An agency's decision satisfies the "substantial evidence" standard if it is supported by "such relevant evidence that a reasonable mind might accept as adequate to support the conclusion." Orteza v. Shalala , 50 F.3d 748, 749 (9th Cir. 1995). The standard requires "more than a mere scintilla but less than a preponderance" of evidence. Id. The IHO may "draw inferences logically flowing from the evidence." Gallant v. Heckler , 753 F.2d 1450, 1453 (9th Cir. 1984). "Where evidence is susceptible of more than one rational interpretation," the IHO's decision must be upheld. Id.
C. The Settlement Act and Associated Regulations
A Navajo applicant is eligible for benefits under the Settlement Act if she was a legal resident of the HPL as of December 22, 1974 and was the head of household at that time. 25 C.F.R. § 700.147(a) ; Begay v. Off. of Navajo & Hopi Indian Relocation , 305 F. Supp. 3d 1040, 1044 (D. Ariz. 2018). The applicant bears the burden of proving both the residency and head-of-household elements. 25 C.F.R. § 700.147(b). Only the residency element is at issue in this case. (Docs. 21 at 1; 25 at 11).
Under the applicable regulations, determining an applicant's residence "requires an examination of a person's intent to reside combined with manifestations of that intent." 49 Fed. Reg. 22,278 ; see also Charles v. Off. of Navajo & Hopi Indian Relocation , 774 Fed. Appx. 389, 390 (9th Cir. 2019). Such manifestations of intent may include ownership of livestock, ownership of improvements, grazing permits, livestock sales receipts, homesite leases, medical records, school records, employment records, mailing address records, banking records, voting records, census data, court records, the Joint Use Area roster, and any other relevant data. 49 Fed. Reg. 22, 278. An applicant "qualifies as a legal resident of the land if she was using it for traditional activities." Shaw v. Off. of Navajo & Hopi Indian Relocation , 860 Fed.Appx. 493, 494 (9th Cir. 2021).
III. DISCUSSION
A. Additional Documents Not in the Record
As an initial matter, the parties disagree on what documents the Court should consider as part of the administrative record. Plaintiffs attach eight exhibits to their Motion for Summary Judgment (Doc. 21-1), which Defendant argues is improper because they were not part of the administrative record. (Doc. 25 at 7–8).
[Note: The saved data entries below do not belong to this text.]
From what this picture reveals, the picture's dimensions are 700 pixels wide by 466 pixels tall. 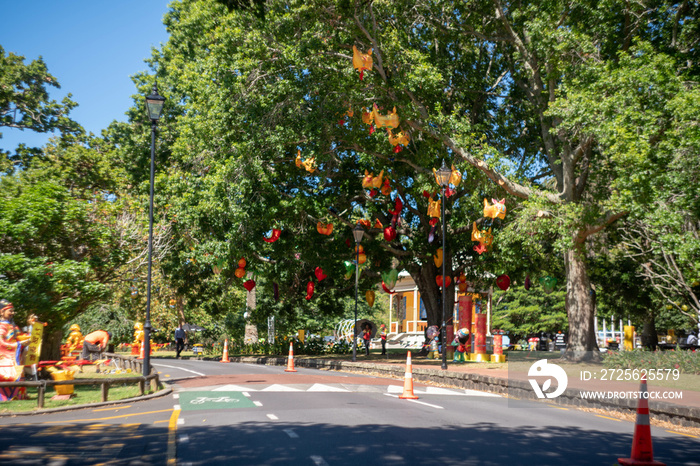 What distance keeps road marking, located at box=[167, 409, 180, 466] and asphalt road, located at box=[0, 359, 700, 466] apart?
0.05 feet

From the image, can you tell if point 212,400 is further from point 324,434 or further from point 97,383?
point 324,434

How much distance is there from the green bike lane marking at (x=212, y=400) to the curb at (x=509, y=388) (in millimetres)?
6971

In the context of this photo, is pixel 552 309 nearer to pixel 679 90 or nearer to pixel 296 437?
pixel 679 90

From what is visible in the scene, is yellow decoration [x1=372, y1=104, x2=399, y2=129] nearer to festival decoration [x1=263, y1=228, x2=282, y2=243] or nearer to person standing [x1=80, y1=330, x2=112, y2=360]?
festival decoration [x1=263, y1=228, x2=282, y2=243]

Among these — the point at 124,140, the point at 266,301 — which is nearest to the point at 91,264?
the point at 124,140

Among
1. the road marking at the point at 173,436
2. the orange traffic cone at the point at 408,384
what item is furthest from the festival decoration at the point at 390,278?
the road marking at the point at 173,436

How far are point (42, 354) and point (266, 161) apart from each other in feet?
37.4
"[T]he focal point for judicial review [under the APA] should be the administrative record already in existence, not some new record made initially in the reviewing court." Camp v. Pitts , 411 U.S. 138, 142, 93 S.Ct. 1241, 36 L.Ed.2d 106 (1973). The administrative record consists not only of the documents compiled and submitted by the agency, however, but also of "documents and materials directly or indirectly considered by agency decision-makers." Thompson v. U.S. Dep't of Lab. , 885 F.2d 551, 555 (9th Cir. 1989). Additionally, a district court may consider documents outside of the administrative record in four "narrowly construed" circumstances: when "(1) supplementation is necessary to determine if the agency has considered all factors and explained its decision; (2) the agency relied on documents not in the record; (3) supplementation is needed to explain technical terms or complex subjects; or (4) plaintiffs have shown bad faith on the part of the agency." Fence Creek Cattle Co. v. U.S. Forest Serv. , 602 F.3d 1125, 1131 (9th Cir. 2010).
Plaintiffs argue that Exhibit 1 and Exhibits 5–8, which are prior decisions of the IHO, should be considered "to show the inconsistency" of the IHO's decision in this case. (Doc. 29 at 6). Because an agency must follow its own precedent or else explain any deviation, this Court may consider prior ONHIR decisions to determine whether a decision is arbitrary and capricious. See Torpey v. Off. of Navajo & Hopi Indian Relocation , No. CV-17-08184-PCT-SMB, 2019 U.S. Dist. LEXIS 154168, at *9–10 (D. Ariz. Sept. 6, 2019). However, previous decisions only serve this purpose if they carry precedential value in the case at hand. See Whitehair v. Off. of Navajo & Hopi Indian Relocation , No. CV17-08278-PCT-DGC, 2018 WL 6418665, at *3 (D. Ariz. Dec. 6, 2018). Accordingly, the Court will consider Exhibit 1 and Exhibits 5–8 only if they set forth ONHIR policy or if they involve facts indistinguishable from the instant case. See id. at *10.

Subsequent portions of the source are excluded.